Court Turns Down James Ford Seale

On November 1, the Supreme Court issued a decision declining to hear the appeal of James Ford Seale on the question of whether the statute of limitations applied to his case. Justice Scalia and Stevens agreed for once that the Court should hear it, because it would affect many other cases, but they were overruled by the other justices.

The implications of the case are many. In the short term, it means that Seale will remain in prison. It also means that the appeal will continue, and that the Court could consider the issue at a later time.

In a larger sense, it means that the issue of the applicability of the statute of limitations to crimes such as Seale’s remains unsettled. The 5th Circuit estimated that two dozen other cases may be affected by the ruling.

If prosecutors in Mississippi and other southern states proceed with prosecutions of race murders from the sixties with the same statute of limitation problems, any convictions could later be overturned. This would result in a waste of resources, resources that could otherwise be used prosecuting these types of cases that don’t have statute of limitations problems.

Meanwhile, the odds look better and better that James Ford Seale, a very ill man, may well die in prison before the issue is finally resolved.

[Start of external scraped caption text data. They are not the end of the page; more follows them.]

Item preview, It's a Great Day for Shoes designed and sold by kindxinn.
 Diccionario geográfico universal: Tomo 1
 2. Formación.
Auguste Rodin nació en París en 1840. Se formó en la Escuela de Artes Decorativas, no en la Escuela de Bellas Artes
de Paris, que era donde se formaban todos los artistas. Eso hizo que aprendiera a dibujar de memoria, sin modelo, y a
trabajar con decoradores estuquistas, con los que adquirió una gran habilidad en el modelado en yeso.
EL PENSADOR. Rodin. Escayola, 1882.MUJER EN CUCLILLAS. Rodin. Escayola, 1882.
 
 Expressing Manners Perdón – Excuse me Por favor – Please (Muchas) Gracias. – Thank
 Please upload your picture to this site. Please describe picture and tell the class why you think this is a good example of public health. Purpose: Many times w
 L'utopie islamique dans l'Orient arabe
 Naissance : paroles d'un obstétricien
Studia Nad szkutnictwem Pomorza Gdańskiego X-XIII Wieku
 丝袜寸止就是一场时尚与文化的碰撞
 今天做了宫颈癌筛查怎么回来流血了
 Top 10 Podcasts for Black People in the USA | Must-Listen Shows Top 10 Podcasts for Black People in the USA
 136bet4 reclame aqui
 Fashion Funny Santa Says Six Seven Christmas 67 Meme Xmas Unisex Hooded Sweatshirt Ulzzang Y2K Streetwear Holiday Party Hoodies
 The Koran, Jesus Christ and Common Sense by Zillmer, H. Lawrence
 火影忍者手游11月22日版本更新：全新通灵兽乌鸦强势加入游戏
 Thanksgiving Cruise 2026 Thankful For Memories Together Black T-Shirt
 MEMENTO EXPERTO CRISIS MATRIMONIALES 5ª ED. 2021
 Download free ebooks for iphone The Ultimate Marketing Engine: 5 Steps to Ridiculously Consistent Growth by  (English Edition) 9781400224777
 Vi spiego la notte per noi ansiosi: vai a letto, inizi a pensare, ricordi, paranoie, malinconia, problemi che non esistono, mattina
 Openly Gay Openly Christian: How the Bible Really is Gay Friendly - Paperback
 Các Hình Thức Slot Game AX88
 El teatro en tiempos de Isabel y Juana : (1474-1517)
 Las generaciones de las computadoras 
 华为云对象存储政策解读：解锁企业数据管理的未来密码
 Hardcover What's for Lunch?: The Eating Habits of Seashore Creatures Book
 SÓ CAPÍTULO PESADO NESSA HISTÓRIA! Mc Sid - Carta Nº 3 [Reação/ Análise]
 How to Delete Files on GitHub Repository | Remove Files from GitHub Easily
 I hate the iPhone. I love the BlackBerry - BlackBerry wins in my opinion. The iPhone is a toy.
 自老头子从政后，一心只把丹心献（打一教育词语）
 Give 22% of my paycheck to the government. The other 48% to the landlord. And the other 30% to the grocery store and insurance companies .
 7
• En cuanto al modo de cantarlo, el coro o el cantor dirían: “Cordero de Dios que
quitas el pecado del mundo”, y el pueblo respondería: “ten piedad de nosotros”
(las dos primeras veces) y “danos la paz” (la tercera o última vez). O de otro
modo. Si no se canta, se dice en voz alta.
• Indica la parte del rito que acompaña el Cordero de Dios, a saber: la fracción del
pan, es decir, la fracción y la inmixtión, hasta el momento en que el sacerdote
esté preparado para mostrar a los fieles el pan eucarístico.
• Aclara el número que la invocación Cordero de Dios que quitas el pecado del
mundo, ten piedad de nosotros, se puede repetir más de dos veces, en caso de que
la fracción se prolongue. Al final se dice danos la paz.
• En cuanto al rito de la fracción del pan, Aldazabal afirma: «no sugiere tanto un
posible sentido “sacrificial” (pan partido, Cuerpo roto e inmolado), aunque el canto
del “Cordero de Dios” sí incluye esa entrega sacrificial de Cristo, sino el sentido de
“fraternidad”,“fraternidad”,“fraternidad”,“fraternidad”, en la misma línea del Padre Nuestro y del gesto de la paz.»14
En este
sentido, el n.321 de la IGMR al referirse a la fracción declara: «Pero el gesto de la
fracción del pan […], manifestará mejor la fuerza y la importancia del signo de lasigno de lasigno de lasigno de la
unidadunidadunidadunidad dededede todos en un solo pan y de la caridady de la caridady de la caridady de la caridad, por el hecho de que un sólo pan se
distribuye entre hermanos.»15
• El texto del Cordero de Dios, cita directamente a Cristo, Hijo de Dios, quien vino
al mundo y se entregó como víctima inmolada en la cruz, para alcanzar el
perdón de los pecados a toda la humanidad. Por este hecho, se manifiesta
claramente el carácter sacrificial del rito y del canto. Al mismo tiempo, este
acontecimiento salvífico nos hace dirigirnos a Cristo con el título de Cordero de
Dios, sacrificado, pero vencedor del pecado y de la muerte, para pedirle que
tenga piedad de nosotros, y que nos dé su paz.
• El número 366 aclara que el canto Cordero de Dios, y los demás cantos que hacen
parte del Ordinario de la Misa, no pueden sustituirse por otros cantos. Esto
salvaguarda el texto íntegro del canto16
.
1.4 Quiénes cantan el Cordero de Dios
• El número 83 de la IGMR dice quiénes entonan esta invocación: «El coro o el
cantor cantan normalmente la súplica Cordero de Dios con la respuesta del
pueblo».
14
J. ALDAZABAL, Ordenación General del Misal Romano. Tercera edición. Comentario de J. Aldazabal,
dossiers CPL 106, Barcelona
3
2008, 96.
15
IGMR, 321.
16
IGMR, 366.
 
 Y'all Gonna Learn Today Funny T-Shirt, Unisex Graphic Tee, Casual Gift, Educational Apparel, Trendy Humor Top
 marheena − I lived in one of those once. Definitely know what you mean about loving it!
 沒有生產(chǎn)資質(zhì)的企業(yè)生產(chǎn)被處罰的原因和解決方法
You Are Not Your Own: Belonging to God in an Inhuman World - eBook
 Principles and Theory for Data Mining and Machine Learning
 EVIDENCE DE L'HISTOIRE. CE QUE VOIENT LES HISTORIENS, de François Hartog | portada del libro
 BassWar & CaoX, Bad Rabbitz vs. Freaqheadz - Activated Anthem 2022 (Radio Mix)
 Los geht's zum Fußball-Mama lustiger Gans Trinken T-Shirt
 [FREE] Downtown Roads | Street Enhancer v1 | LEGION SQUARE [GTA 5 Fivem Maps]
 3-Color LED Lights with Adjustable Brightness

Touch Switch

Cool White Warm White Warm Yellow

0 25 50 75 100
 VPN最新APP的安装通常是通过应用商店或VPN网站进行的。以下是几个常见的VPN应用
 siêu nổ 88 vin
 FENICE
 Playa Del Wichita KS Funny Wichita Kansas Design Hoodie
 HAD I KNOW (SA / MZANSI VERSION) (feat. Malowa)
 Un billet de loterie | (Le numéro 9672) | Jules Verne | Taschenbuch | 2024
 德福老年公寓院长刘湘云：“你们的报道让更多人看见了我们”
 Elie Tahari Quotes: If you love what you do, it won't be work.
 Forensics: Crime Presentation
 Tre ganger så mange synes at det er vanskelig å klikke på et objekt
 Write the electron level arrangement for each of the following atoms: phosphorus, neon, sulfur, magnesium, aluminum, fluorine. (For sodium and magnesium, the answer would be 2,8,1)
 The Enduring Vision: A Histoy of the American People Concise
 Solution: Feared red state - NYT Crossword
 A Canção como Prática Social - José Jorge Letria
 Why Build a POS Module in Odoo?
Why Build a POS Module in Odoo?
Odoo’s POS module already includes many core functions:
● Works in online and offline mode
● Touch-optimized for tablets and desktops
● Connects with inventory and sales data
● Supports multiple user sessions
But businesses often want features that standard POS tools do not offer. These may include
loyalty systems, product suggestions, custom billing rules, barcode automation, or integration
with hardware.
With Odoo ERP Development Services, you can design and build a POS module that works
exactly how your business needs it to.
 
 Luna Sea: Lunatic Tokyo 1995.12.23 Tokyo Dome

To get the Mississippi perspective of the story, see this article in the Jackson Clarion-Ledger.

Strange Justice

Never underestimate the eccentricities or bizarre outcomes generated by the American criminal justice system. The fate of James Ford Seale remains undecided because the 5th Circuit Court of Appeals violated one of the cardinal rules of appellate court justice: never sit an even number of justices on the bench. (Nine sit on the U.S. Supreme Court; 7 in Colorado). In the fall of 2008, a three-member panel of the 5th Circuit reversed Seale’s 2007 conviction of conspiracy and kidnapping in the murder of two black youths in Mississippi in 1964.  The entire Court decided to review the panel’s decision, which was somewhat unusual in itself. The Court consists of 23 judges, but five of them are on senior status, which, as I understand it, means that they can’t participate in an en banc reviews of a panel’s decisions.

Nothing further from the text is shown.